[Stored dataset items]
__________________________________________________

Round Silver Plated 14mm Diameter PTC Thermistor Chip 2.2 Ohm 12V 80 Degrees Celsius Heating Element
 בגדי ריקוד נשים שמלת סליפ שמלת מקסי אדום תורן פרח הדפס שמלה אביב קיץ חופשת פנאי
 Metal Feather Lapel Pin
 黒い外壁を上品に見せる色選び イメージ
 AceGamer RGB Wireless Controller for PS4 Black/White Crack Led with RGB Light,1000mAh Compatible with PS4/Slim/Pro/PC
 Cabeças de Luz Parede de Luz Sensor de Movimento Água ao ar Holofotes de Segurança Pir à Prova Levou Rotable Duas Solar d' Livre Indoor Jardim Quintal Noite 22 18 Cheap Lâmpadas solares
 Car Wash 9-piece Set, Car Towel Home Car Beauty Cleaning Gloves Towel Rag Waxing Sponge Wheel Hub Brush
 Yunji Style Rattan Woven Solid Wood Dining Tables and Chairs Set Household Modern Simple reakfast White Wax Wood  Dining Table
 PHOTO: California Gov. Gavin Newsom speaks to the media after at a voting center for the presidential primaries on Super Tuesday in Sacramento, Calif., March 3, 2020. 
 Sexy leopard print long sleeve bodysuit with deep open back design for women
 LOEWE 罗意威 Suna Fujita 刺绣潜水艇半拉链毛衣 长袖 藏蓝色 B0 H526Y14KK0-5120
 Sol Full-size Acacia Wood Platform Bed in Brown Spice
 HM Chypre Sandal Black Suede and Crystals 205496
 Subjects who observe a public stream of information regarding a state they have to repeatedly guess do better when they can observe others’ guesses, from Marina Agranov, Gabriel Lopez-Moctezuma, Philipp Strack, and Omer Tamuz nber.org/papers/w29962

__________________________________________________

§ Directions
Write out the data once more, word for word.

§ Output
Round Silver Plated 14mm Diameter PTC Thermistor Chip 2.2 Ohm 12V 80 Degrees Celsius Heating Element
 בגדי ריקוד נשים שמלת סליפ שמלת מקסי אדום תורן פרח הדפס שמלה אביב קיץ חופשת פנאי
 Metal Feather Lapel Pin
 黒い外壁を上品に見せる色選び イメージ
 AceGamer RGB Wireless Controller for PS4 Black/White Crack Led with RGB Light,1000mAh Compatible with PS4/Slim/Pro/PC
 Cabeças de Luz Parede de Luz Sensor de Movimento Água ao ar Holofotes de Segurança Pir à Prova Levou Rotable Duas Solar d' Livre Indoor Jardim Quintal Noite 22 18 Cheap Lâmpadas solares
 Car Wash 9-piece Set, Car Towel Home Car Beauty Cleaning Gloves Towel Rag Waxing Sponge Wheel Hub Brush
 Yunji Style Rattan Woven Solid Wood Dining Tables and Chairs Set Household Modern Simple reakfast White Wax Wood  Dining Table
 PHOTO: California Gov. Gavin Newsom speaks to the media after at a voting center for the presidential primaries on Super Tuesday in Sacramento, Calif., March 3, 2020. 
 Sexy leopard print long sleeve bodysuit with deep open back design for women
 LOEWE 罗意威 Suna Fujita 刺绣潜水艇半拉链毛衣 长袖 藏蓝色 B0 H526Y14KK0-5120
 Sol Full-size Acacia Wood Platform Bed in Brown Spice
 HM Chypre Sandal Black Suede and Crystals 205496
 Subjects who observe a public stream of information regarding a state they have to repeatedly guess do better when they can observe others’ guesses, from Marina Agranov, Gabriel Lopez-Moctezuma, Philipp Strack, and Omer Tamuz nber.org/papers/w29962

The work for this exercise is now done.